The basic picture of our universe that I have outlined in the past few sections is a network whose connections are continually updated according to some simple set of underlying rules. In the past one might have assumed that a system like this would be far too simple to correspond to our universe. But from the discoveries in this book we now know that even when the underlying rules for a system are simple, its overall behavior can still be immensely complex.

And at the lowest level what I expect is that even though the rules being applied are perfectly definite, the overall pattern of connections that will exist in the network corresponding to our universe will continually be rearranged in ways complicated enough to seem effectively random.

Yet on a slightly larger scale such randomness will then lead to a certain average uniformity. And it is then essentially this that I believe is responsible for maintaining something like ordinary space—with gradual variations giving rise to the phenomenon of gravity.

But superimposed on this effectively random background will then presumably also be some definite structures that persist through many updatings of the network. And it is these, I believe, that are what correspond to particles like electrons.
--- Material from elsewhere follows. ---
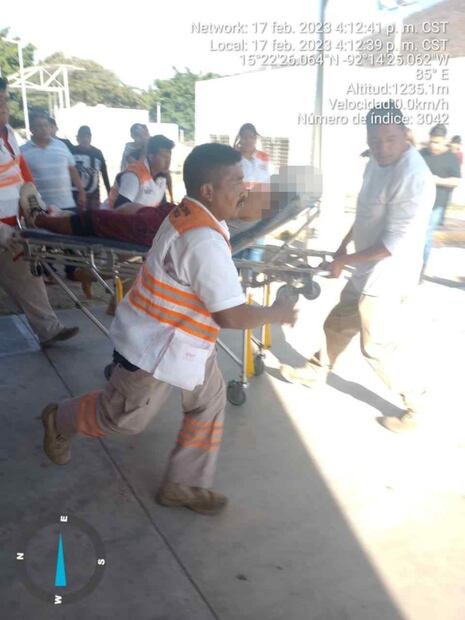 Reportan 10 niños y un adulto lesionados por colapso de domo en unidad deportiva de Motozintla, Chiapas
As I discussed in the last two sections [14, 15], causal invariance of the underlying rules implies that such structures should be able to move at a range of uniform speeds through the background. Typically properties like charge will be associated with some specific pattern of connections at the core of the structure corresponding to a particle, while the energy and momentum of the particle will be associated with roughly the number of nodes in some outer region around the core.

So what about interactions? If the structures corresponding to different particles are isolated, then the underlying rules will make them persist. But if they somehow overlap, these same rules will usually make some different configuration of particles be produced.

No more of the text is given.